DIY is often a money saving strategy, but for many, DIY is a personal growth and challenge experience. When it comes to property maintenance and repair, there are many who enjoy the tinkering and the sense of accomplishment on a task completed. Whether to save money, or to challenge yourself to learn something new, there re times when DIY is practical and times when it is unsafe and even illegal.
Property Maintenance D.I.Y. & When to Use the Pros
This content was shared on Debt Free Wealth RADIO. Listen in as you read:
New shoppers/owners (residential or commercial) of pre-existing property, those who own investment property, and those considering the adventure of earning income from property maintenance will find this show of value.
Cashflow from real estate is more likely when you use good decisions, including the math prior to property aquisition. A huge portion of real estate cashflow has to do with the costs and the potential costs of property rehab, and maintenance.
Building Contractor, Dennis Beerman – weighs in on this property maintenance topic, and address:
- the hidden things that can create surprises, and huge costs and what to look out for
- tools of the trade, and tool options;
- where to access help and resources; and,
- when you should consider using a pro – no matter how handy and talented you are.
Dennis has been a court expert on real estate cover-up as per the Seller’s disclosure, and conducted thousands of property inspections on foreclosed properties nationally, and has seen the workmanship of thousands of vendors who are contracted to fix them up, sending them back with tips on how to fix it right the next time around.
Along with the property comes immediate and on-going repair and property maintenance expenses. Some choose to use professional property management services, and some handy entrepreneurs – or out of financial necessity – choose the D.I.Y. approach to saving some money in this area.
I (Trudy) hold my real estate broker’s license. As such, if I were to go into a property with a view to list it, naturally real estate agents will form an opinion about the condition of the property, and it is our job to encourage the seller to complete the seller’s disclosure to avoid being included in any lawsuits a buyer may attempt later. The problem is, I am very aware of my incompetence to identify property issues or coverups. I just looked at a property 3 days ago that the owner is personally renovating. It looked good to me, but that owner – who is considering selling after he restores it, shared with me that when he purchased it, while no issues were disclosed to him at the time of purchase, in doing his own inspection he discovered serious electrical issues that could easily have triggered a fire and total property devastation, as well as plumbing issues. He has spent almost a year working on the property himself, because he can only do it part time, but there were some issues he realized he just had to call in an expert on. So using this example, I want to dissect this case and ask you a couple of questions today:
With every property, eventually the wear and tear, and care leads to normal and sometimes unusual conditions that make the property less than appealing. Rather than restore the property, many choose to sell, but of course, those challenges also cause the property value and resell value to deteriorate and that might create an incentive to sellers to hide the problem
The following are the Property Maintenance questions Dennis answered on air.

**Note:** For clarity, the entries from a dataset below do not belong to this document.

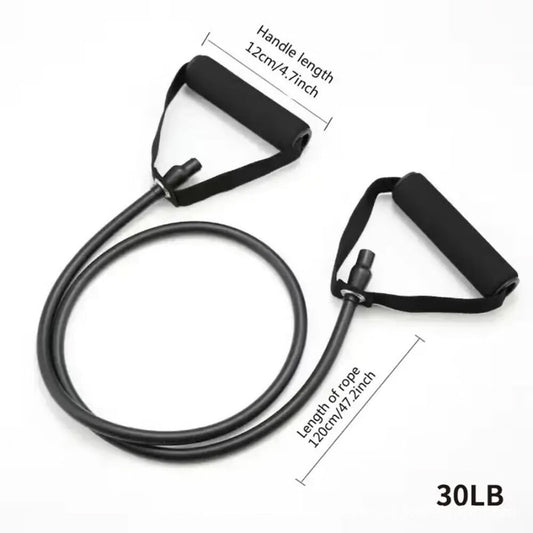 1 Piece Exercise Latex Resistance Bands,Fitness,Stretching Training and Yoga Tube Home Workout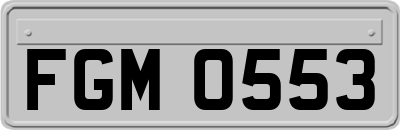 FGM0553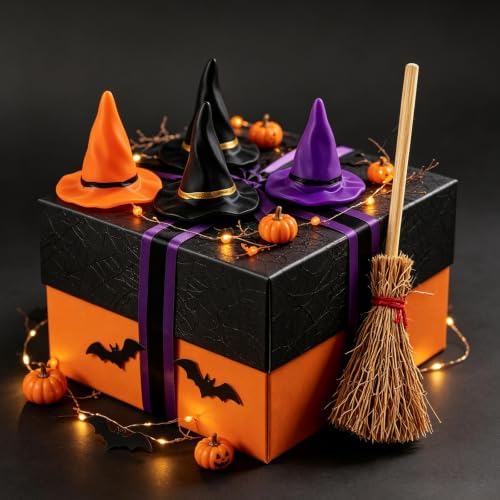 GXXMEI 24PCS/set Mini Witch Hat - Image 5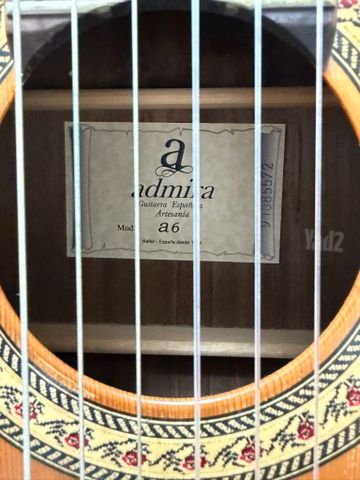 גיטרה קלאסית Admira A6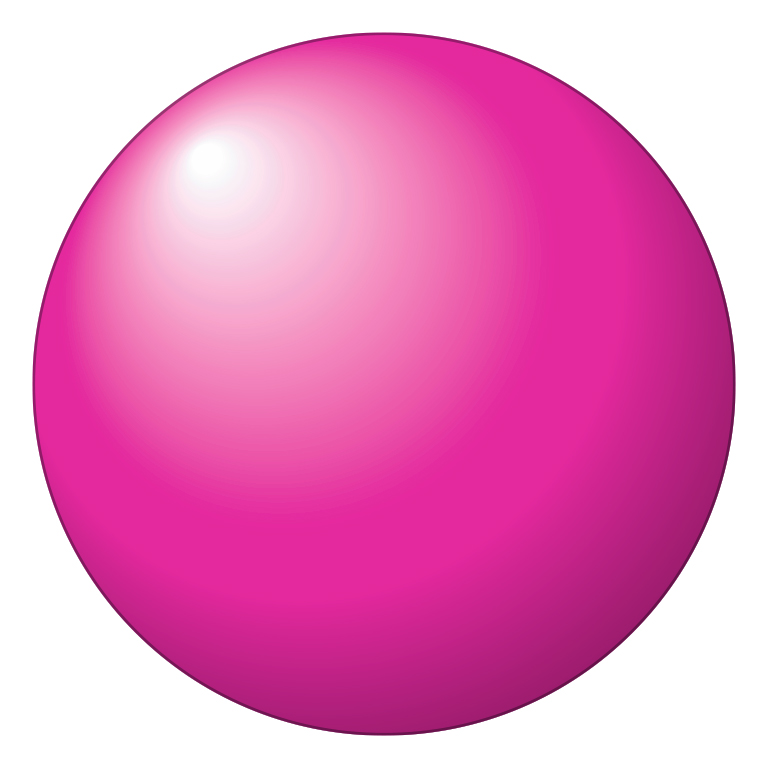 Reusable Balloon, 18" - METALLIC PINK - Qty. 1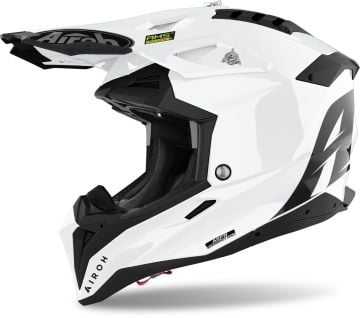 Airoh Aviator 3 Kapalı Kask Beyaz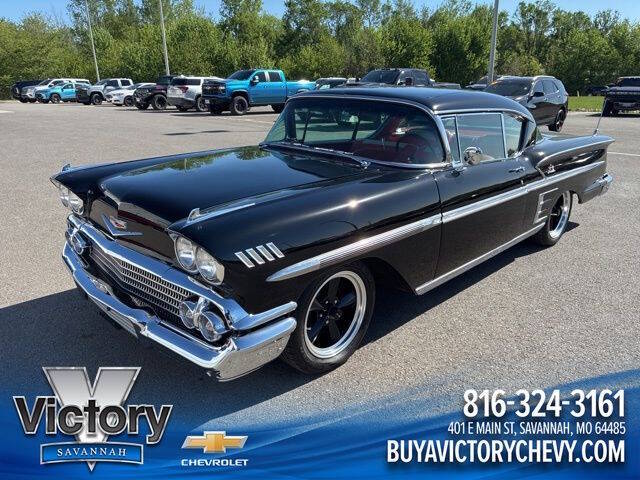 Chevrolet-Impala-1958-Onyx-Black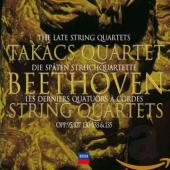 Album artwork for Beethoven: Late String Quartets / Takacs Quartet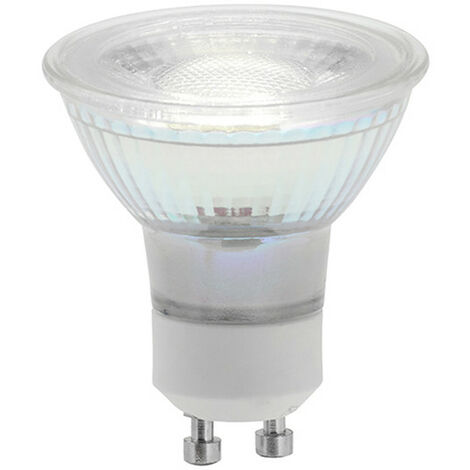 Wholesale Domestic Glass GU10 5w LED 4000k Non-Dimmable Light Bulb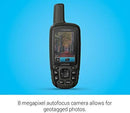 Garmin GPSMAP 64sx, Handheld GPS with Altimeter and Compass, Preloaded with TopoActive Maps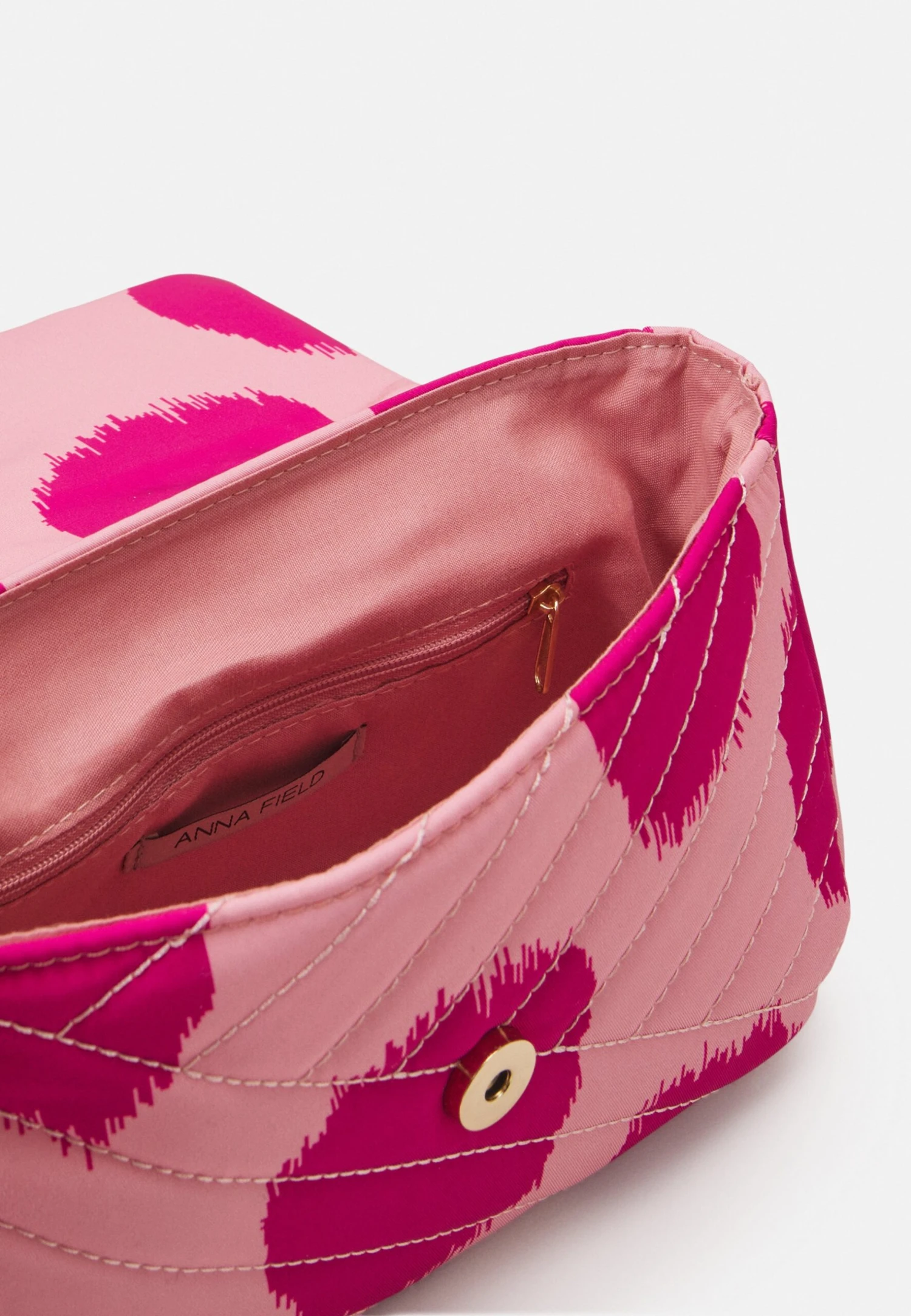 Anna Field Across Body Bag -Pink - Image 3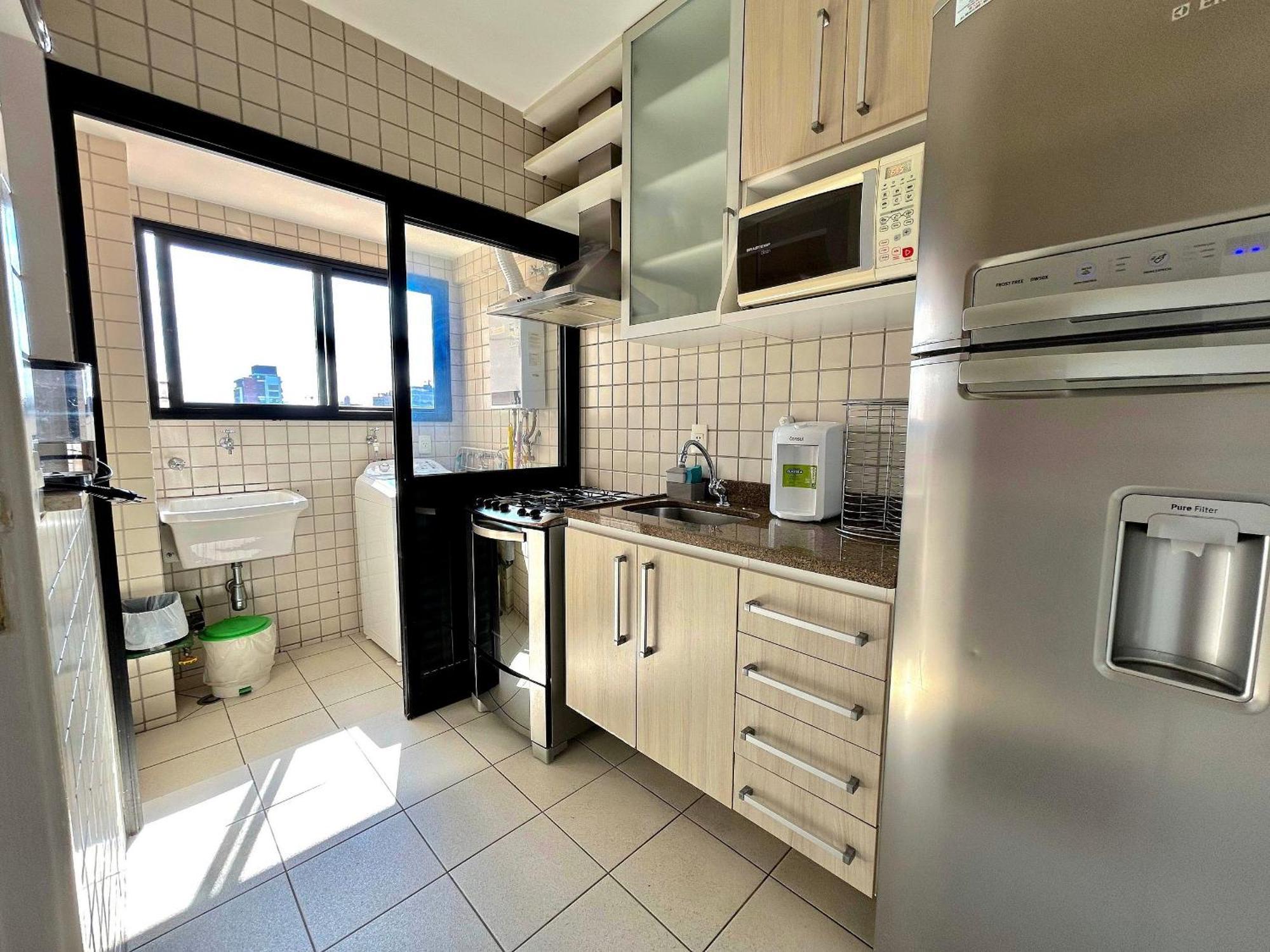Maison D Stan C/ Lavadora, Limpeza Diaria E Vista * São Paulo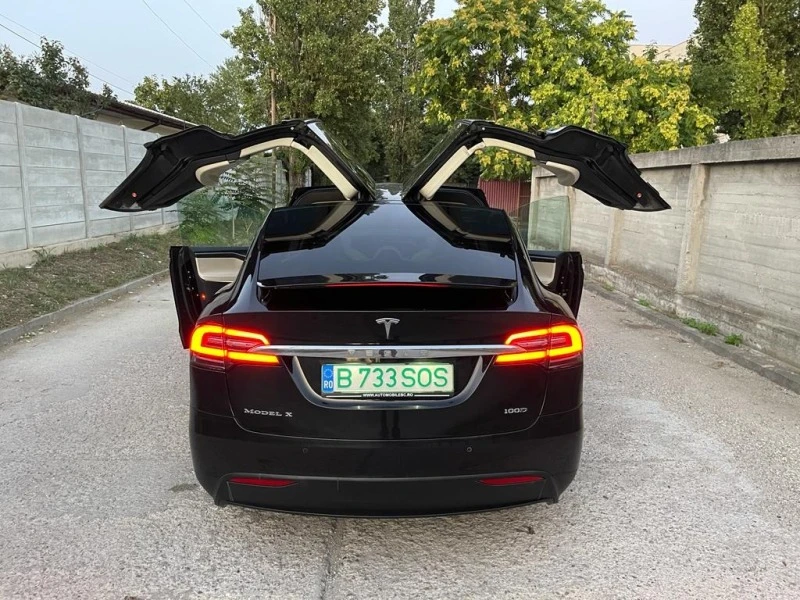 Tesla Model X 100D, снимка 7 - Автомобили и джипове - 43907852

Please listen to the recording to hear what he shared.
1. So, you were a court expert witness in a seller’s disclosure cover up case. Without giving any identifying details of the case, can you say what was the problem covered, how was it covered up, could the average property inspection have caught it, and what did it cost the homeowners once they discovered it?
2. Some property owners decide to venture into the diy approach to property maintenance. For some, it is a money saving decision, and for others, who truly enjoy the tinkering and taking on new challenges, they enjoy the process. Let’s speak to that for a moment:
3. In general, when is it ok to tackle a project yourself, and when is it wise to seek professional invovlement?
4. In ignorance, property owners may install or fix something that should require a permit to be pulled even if they will do the work themselves. Is there a way to know when they should pull a permit before they start?
5. I know the caveat emptor (buyer beware) law has changed a bit, especially in the state of Florida, from the emphasis on buyer beware to a stronger emphasis on the seller’s disclosure and consequences for deliberately covering up known issues, but how difficult is it to prove the seller deliberately covered up a known issue?
6. So, moving past the property acquisition issues, holding the property will automatically come with common maintenance issues. What are some of those? and what is the consequence of ignoring them?
7. If the owner is going to do as many repairs on their own, let’s talk tools. What are the most basic tools they should plan on aquiring and what about those big ticket items, are there any resources for those?
8. Many vendors who are out there on properties doing rehab or maintenance work, and some of them encounter challenges they cannot handle. I know you have been a go-to consultant for many of them. What is the value of having a consultant like yourself as a part of their resources for getting through projects? (speak about your ability to understand the question, ask more for clarity, and even their use of video chat to help you help them navigate the issue.)
9. What about Home Depot courses? Also mention Youtube.
10. Is there anything else property owners or those doing projects themselves should know?